But being a student leader goes
beyond having an office or having meetings with the DSA or vice chancellor, a
student leader should in actual fact be a genuine representative of its
subjects and not a stooge to neither a group nor the school authority or even,
the government. A reliable source disclosed that the presidents met with the
school authority and one of the conclusions raised was that as long as the
students agree not to participate in any form of protest in solidarity with
ASUU, the hall of residence will be open throughout the strike prompting the
SMS that was credited to them.
If this is true, then it
had actually reinforced my position that the future of Nigeria is not only
bleak but gloomy. Does it mean that the presidents of the faculties of the
University of Lagos are not privy of the issues that instigated the strike
action by ASUU? If students do not stage protests against the abysmal state of
the nation’s educational system, then what should they protest against?

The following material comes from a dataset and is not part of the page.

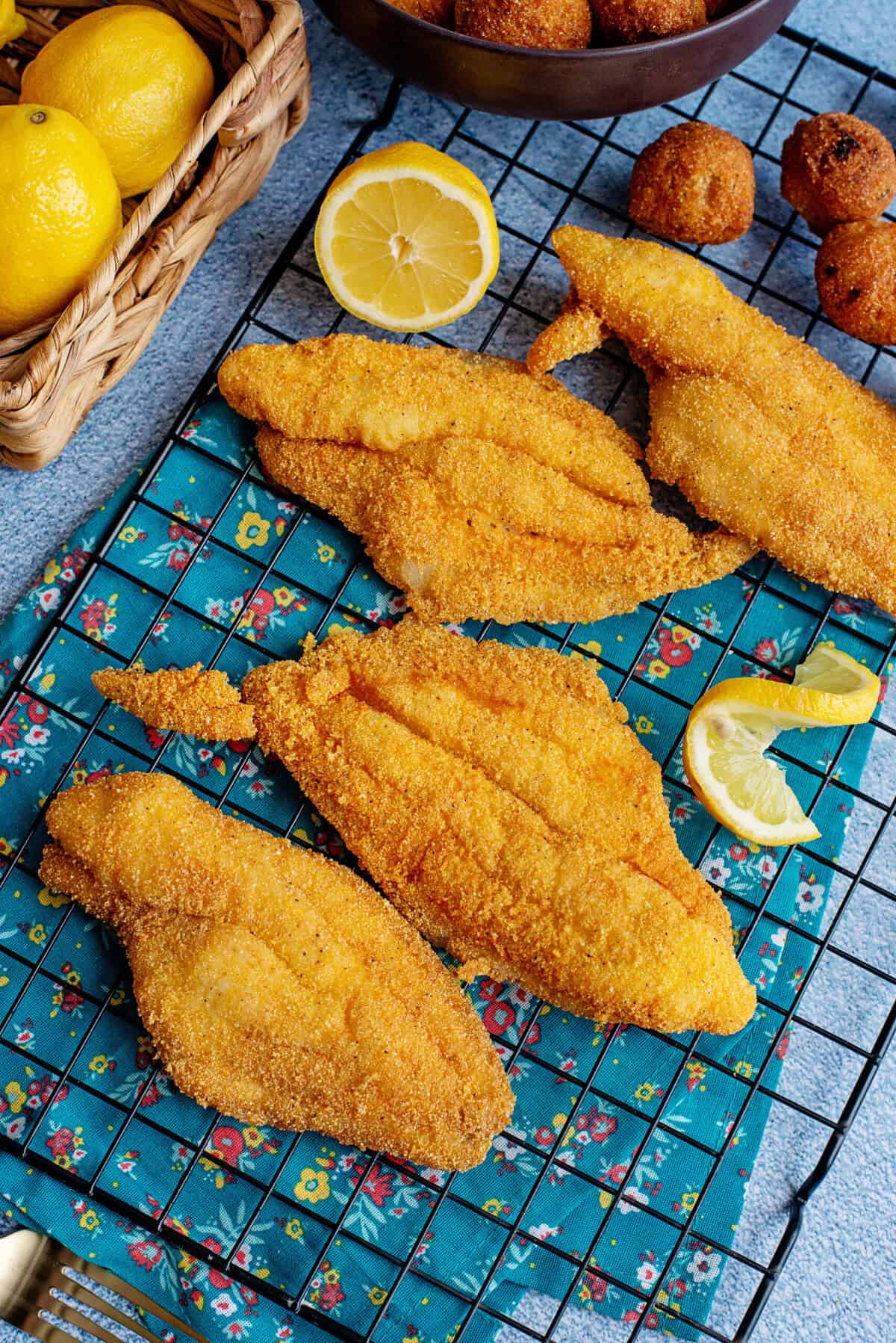 Southern fried catfish fresh out the oven on a oven rack.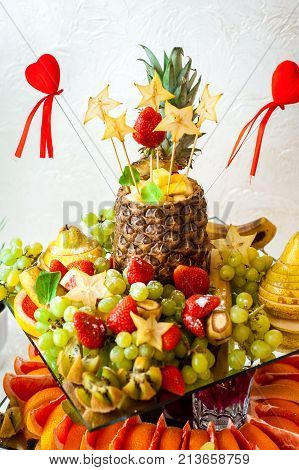 Fresh fruits and berries of different bright colors cut in small pieces are served on a table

It is as if this council does
not know what’s at stake at this stage of our national life. The issues that
were tendered by ASUU are numerous and few of them are the same time not within
the purview of the students but at the same time, there are quite a number of
them that are of more benefit to the students than the agitators (lecturers)
themselves.
The students of the University
of Ibadan under the leadership of the student union organized a protest on 11th
of July in solidarity with ASUU demanding the resignation of the minister of
education- professor Ruqayat Rufai. This is not the only time the students of
the University of Ibadan had stood for justice and on the side of common good
in the history of Nigeria as a similar scenario played out during the subsidy
protests.
A similar action was taken when
they came en masse to show some support to the students of the University of
Lagos when President Jonathan proposed that the name of the school be changed
from UNILAG to MAU. My question to the student leaders is this- what is your
position in all of this or would you continue to keep mum on this issue of
national importance?
If our student leaders in the
various tertiary institutions and the leadership of the National association of
Nigerian students (NANS) in general are actually concerned about the welfare of
students a fraction of how they rush to trade awards for money, they would by
now have state unequivocally their position to the government through press
releases, conferences, street demonstrations and even occupy the ministry of
education; but alas, like Nigerian Politrickcians, it is only money that unite
them not the welfare of whom they claim to represent.
Mr. Issa-Fagee while
addressing a press conference, urged all stake holders to come to the
rescue of the country’s educational and financial sectors from the hands of
wicked governments (state and federal) as the economy of the country
is “glaringly under the jugular clutches of Western economists, experts and
interests who promote exogenous (external) instead of endogenous (internal)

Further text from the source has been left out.